Something of the quality of those woods occasionally comes out in George Wallace's voice: a slurred dankness and a warning. But mostly his message is one of populist conciliation. Wallace is a born-again Christian. He appeared before the assembled blacks of the Southern Christian Leadership Conference in Birmingham last summer and apologized for his old segregationist politics. Have you changed in your attitude toward blacks? Wallace is asked today. "No," he replies. "I have respected and loved them always."

It is spiritually disorienting to see a black driving a car with Alabama plates and a Wallace bumper sticker. It is surreal to walk into Wallace's state campaign headquarters, a neobellum low-rise former furniture store on the edge of Montgomery. There, amid the deep shag carpeting and the clickity-click of computer printers churning out voter lists, sits Mrs. Ollie Carter, a black Wallace worker. All day she phones around the state with a gentle, churchgoing courtesy, asking blacks for their support, reminding them to vote.

Mrs. Carter claims that 98% of the blacks she calls say they are supporting Wallace. She taught elementary school for 19 years in rural Shelby County, and remembers that none of her pupils had their own textbooks until George Wallace became Governor. Wallace people almost always mention his record in improving Alabama education (though the state still ranks among the lowest in literacy), especially those free textbooks for the children, and the system of 26 junior colleges he started around the state. And the fact is that, leaving aside the low growls of race, Wallace was generally quite a good Governor. As for all of that racial viciousness, Mrs. Carter squares her frank and open countenance, earnest and astonishing: "He has made some mistakes. But haven't we all? You have to understand. The races are more bold and honest with each other in the South." That is true. So is the opposite; the exchange between the races in the South has also been a drama of long silences, of the unstated.

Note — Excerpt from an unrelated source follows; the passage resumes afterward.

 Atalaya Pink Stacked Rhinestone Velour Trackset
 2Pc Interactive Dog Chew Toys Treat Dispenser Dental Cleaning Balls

One theory has it that Alabama blacks have always been cynically knowing about George Wallace, that they have figured all along that his segregationist behavior and rhetoric were matters of political expediency. There is some truth in the theory. Alabama today has the second highest (after Michigan) unemployment in the nation: 14.5%. Everywhere in Alabama the message is the same: "Folks are hurtin'." Wallace has argued, so far successfully, that as an internationally known figure and the most experienced Governor in Alabama history, he can bring new industries and new jobs to the state. So many Alabamians, black and white, have accepted the logic that the chances are good Wallace will move back into the Governor's office.